Get ready for more energy shortages. The Environmental Protection Agency’s (EPA) power plant rule was finalized last week, and it is bad news for America’s energy supply.

Under the new rule, all coal plants that plan to stay open beyond 2039 and any new natural gas plant would have to cut or capture 90% of their carbon dioxide emissions by 2032.

Plants that expect to retire by 2039 face less stringent standards but still would have to capture some emissions. And while current natural gas plants are safe for the time being, any new plant will have to adhere to these regulations.

President Biden has repeatedly taken aim at the fossil fuel industry as part of his sweeping climate agenda. (Getty Images)

Carbon capture and sequestration (CCS) is the idea that CO2 can be captured, transported and then stored in underground wells. But despite decades of research and development, CCS remains extremely expensive and largely unsuccessful. Only a handful of functioning CCS facilities operate worldwide, and they only capture a small fraction of what experts had projected.

Bottom line: These projects are nowhere near ready for wide-scale adoption and implementation.

But the lack of progress is not the only impediment.

Less than a month ago, the House Climate Solutions Caucus sent a letter to the head of the EPA expressing deep concerns about the underground CO2 storage permitting delays which “are actively crippling U.S. efforts to deploy vital clean energy and carbon capture infrastructure alike.”
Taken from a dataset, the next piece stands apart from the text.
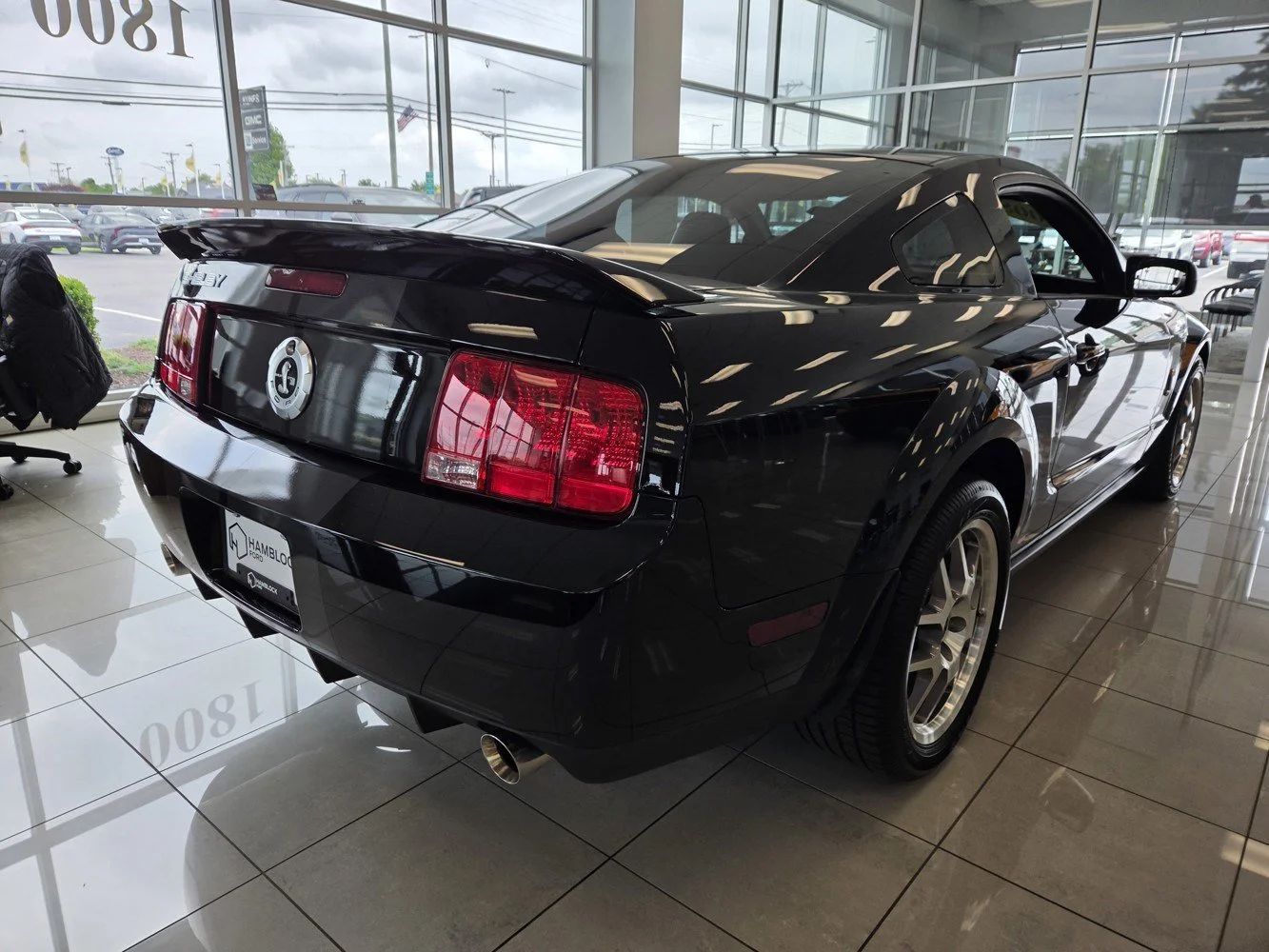 Used 2008 Black Ford Shelby GT500 image 4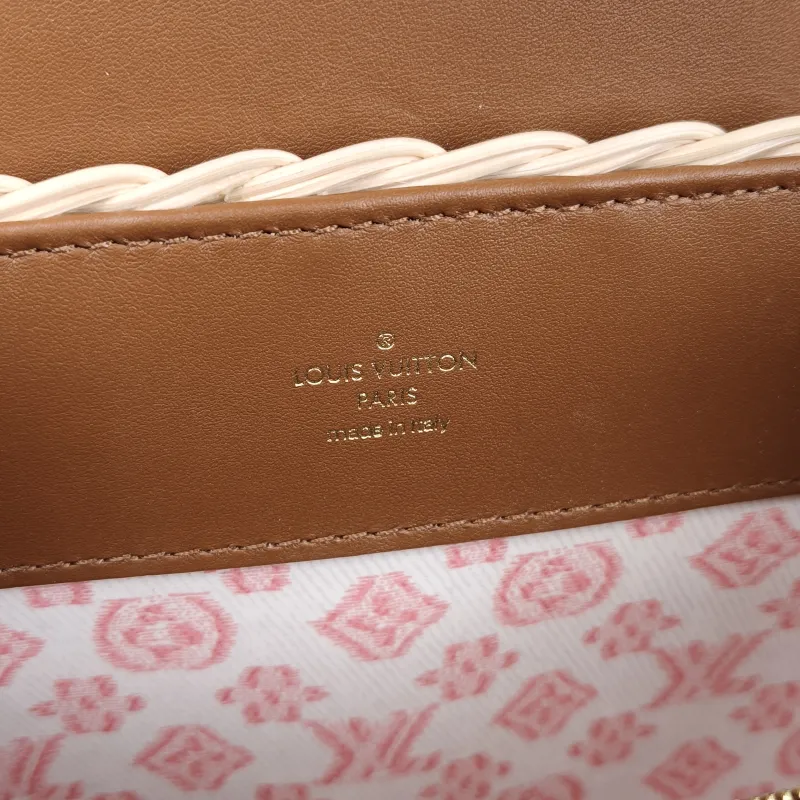 Louis Vuitton Top Handle Bag Capucines Brown · Calfskin BB27 × 9 × 18 cm — detail view 15 of 15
It is vital that the infrastructure is made available in time frames that align with decarbonization goals. Now that the power plant rule is finalized, the permit backlog is only sure to worsen if no action is taken.

The EPA is setting power plants up for failure. But perhaps this is the plan all along?

Fossil fuels have been under attack since Biden’s first day in office. This regulation will force many power plants to shut down, precisely what this administration hopes to achieve. Their end goal is a transition to renewables.

A study published last year concluded that switching to a mostly renewable electric grid would cause electricity prices to soar more than threefold. The demand for hydrocarbons is not falling. Restricting supply would only lead to sustained increases in oil and gas prices, delivering “body blows to the economies of the West.”

The truth is fossil fuels can and do dispatch uninterrupted, cost-effective and resilient energy, which in turn fosters and supports strong economic activity. Renewables are not a technological or sound replacement, and nowhere near capable of being a major energy source. Their intermittence and unreliability have already caused some unfortunate events.

Several years ago, Winter Storm Uri left millions without power and several hundred dead. Weather-dependent sources failed, and without readily available coal, the Texas power grid was minutes away from total collapse.

Storm Elliot in December 2022 ripped through the Southeast, where several major utilities had to implement rolling outages to preserve supply. To prevent system collapse, coal provided nearly 40% of the critically needed energy.

California has experienced its share of rolling blackouts and has even asked its residents to conserve energy for fear of further electricity deficits. Roughly a quarter of the Golden State’s energy comes from wind and solar, having the most ambitious green agenda on the books.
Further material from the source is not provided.